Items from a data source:

○ ○ ○

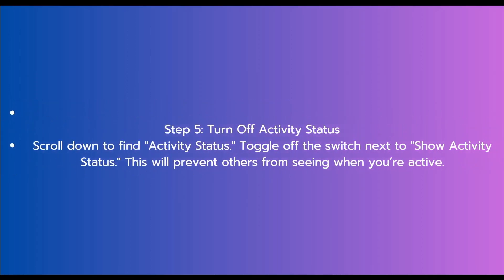The fifth and final step is to turn off activity status. Scroll down to find activity status, then toggle off the switch next to show activity status. This will prevent others from seeing when you are active.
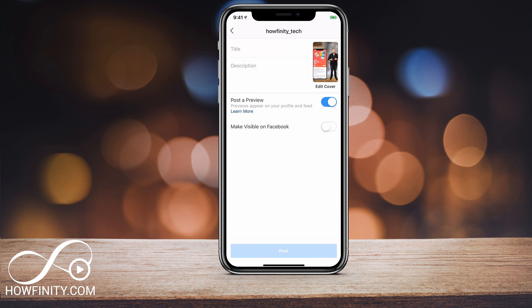There are a couple of things you need to know about the video. It has to be in vertical mode — it cannot be the horizontal widescreen type. It has to be vertical, and if you're doing it on your phone, it has to be over 15 seconds and under 10 minutes.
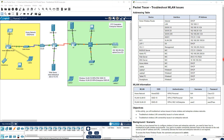Hello everyone. In this video we want to take a look at Packet Tracer 13.4.5, troubleshoot WLAN issues. We have two networks here: Enterprise Network and the home network, with a table for all devices and WLAN information for WLAN 10 and WLAN 20 configured for the Enterprise Network.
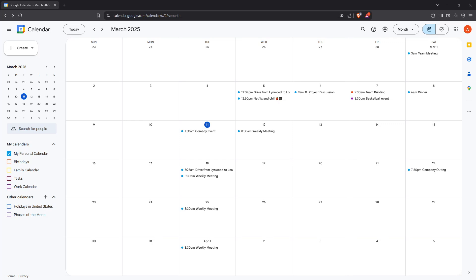In today's video I'm going to teach you how to effortlessly add flights to your Google Calendar. This skill is super handy for keeping your travel plans organized and in one easily accessible spot. So let's get started.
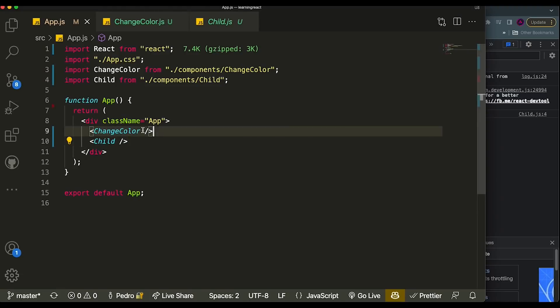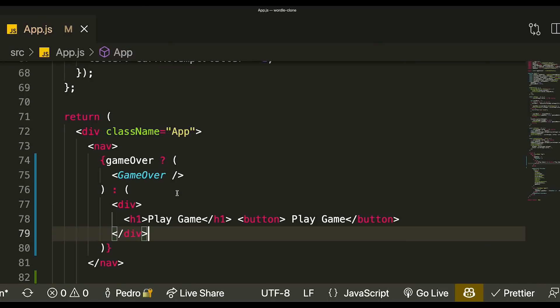The reason this happens is we created the state in a component which also calls the Child component, so every state change triggers a re-render of that parent component, and React has no way to know it won't affect the child. The fix is to divide your project into components based on logic — create a ChangeColor component and put all the color logic inside it. Now every time I change the color, the Child component no longer re-renders. This is the first best practice.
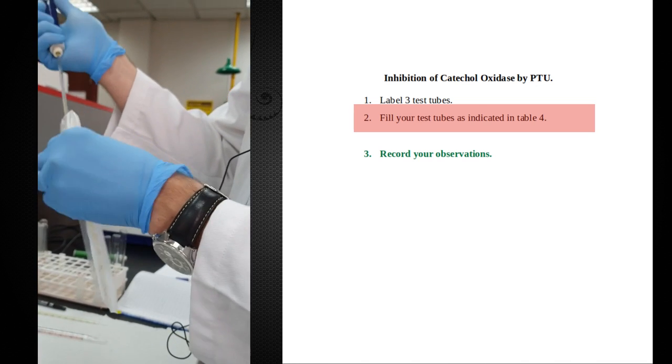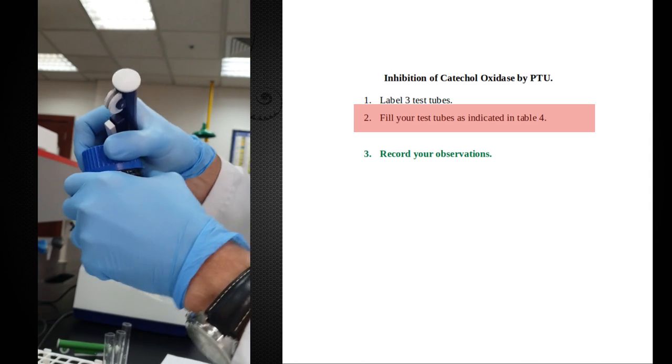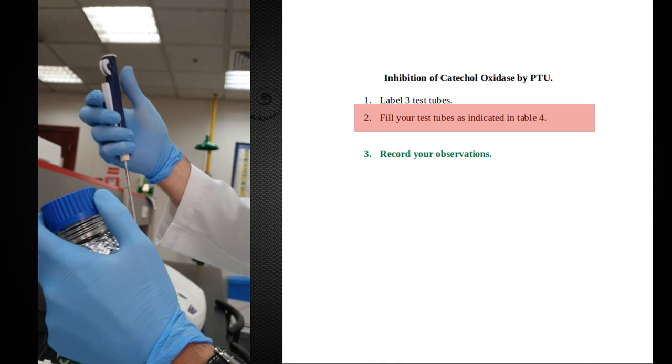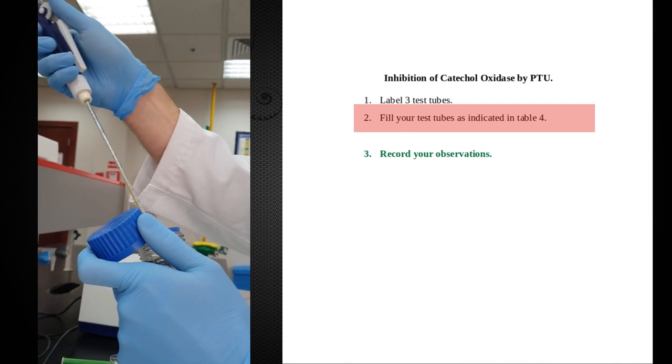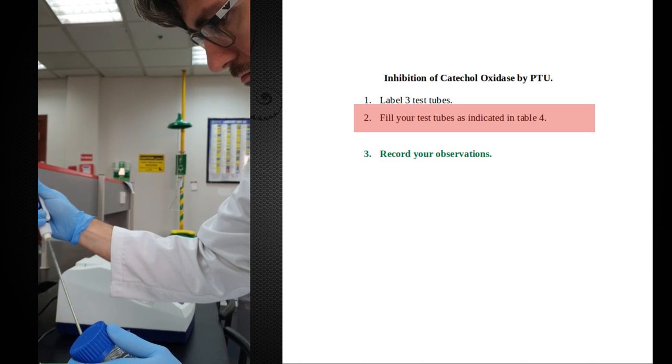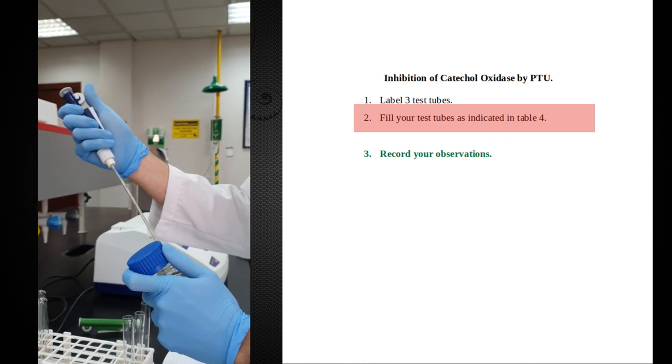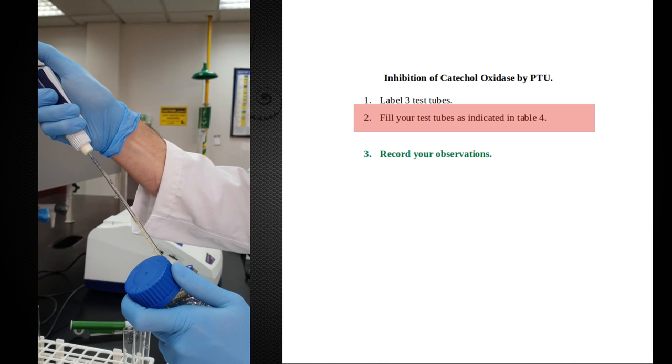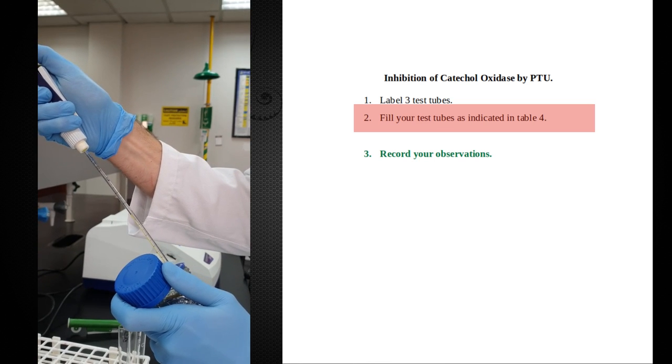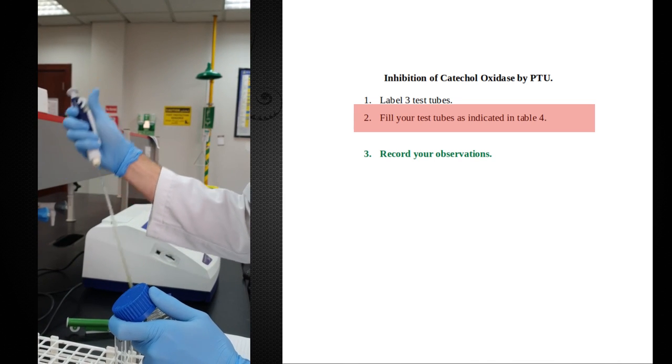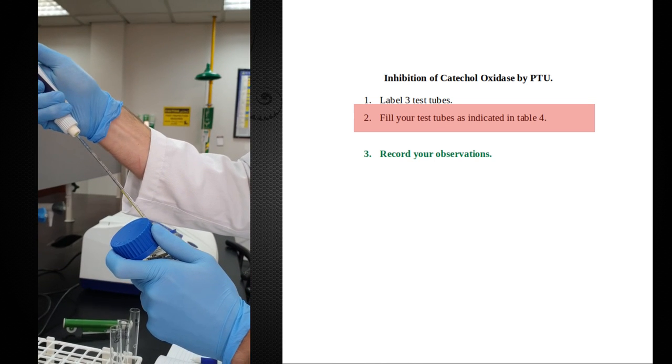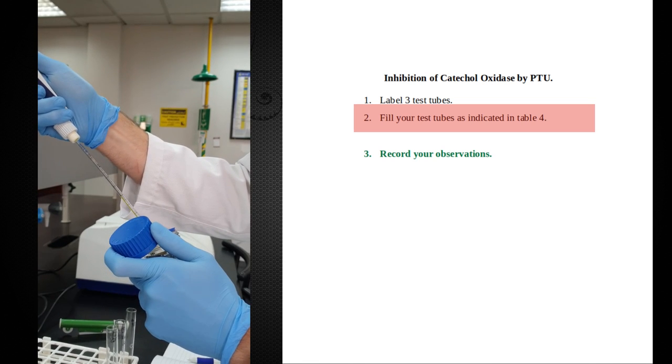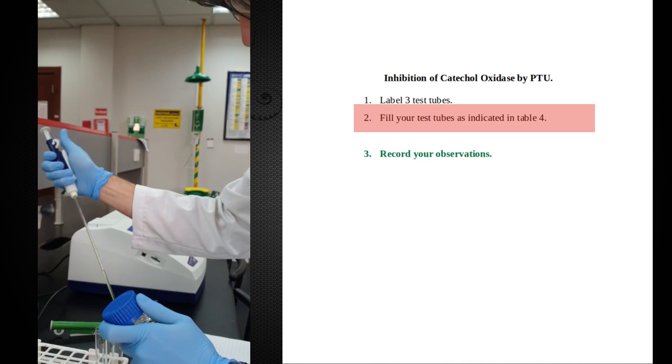Tube one needs half a milliliter. Tube two will get one milliliter, so I'm going to bring this all the way up to the top. That's one milliliter. And tube three gets half a milliliter again. There we go, that's half.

○ ○ ○

WHAT YOU SHOULD DO:
Copy the data word for word. Pictures do not go in the copy.

THE COMPLETED TASK:
The fifth and final step is to turn off activity status. Scroll down to find activity status, then toggle off the switch next to show activity status. This will prevent others from seeing when you are active.
There are a couple of things you need to know about the video. It has to be in vertical mode — it cannot be the horizontal widescreen type. It has to be vertical, and if you're doing it on your phone, it has to be over 15 seconds and under 10 minutes.
Hello everyone. In this video we want to take a look at Packet Tracer 13.4.5, troubleshoot WLAN issues. We have two networks here: Enterprise Network and the home network, with a table for all devices and WLAN information for WLAN 10 and WLAN 20 configured for the Enterprise Network.
In today's video I'm going to teach you how to effortlessly add flights to your Google Calendar. This skill is super handy for keeping your travel plans organized and in one easily accessible spot. So let's get started.
The reason this happens is we created the state in a component which also calls the Child component, so every state change triggers a re-render of that parent component, and React has no way to know it won't affect the child. The fix is to divide your project into components based on logic — create a ChangeColor component and put all the color logic inside it. Now every time I change the color, the Child component no longer re-renders. This is the first best practice.
Tube one needs half a milliliter. Tube two will get one milliliter, so I'm going to bring this all the way up to the top. That's one milliliter. And tube three gets half a milliliter again. There we go, that's half.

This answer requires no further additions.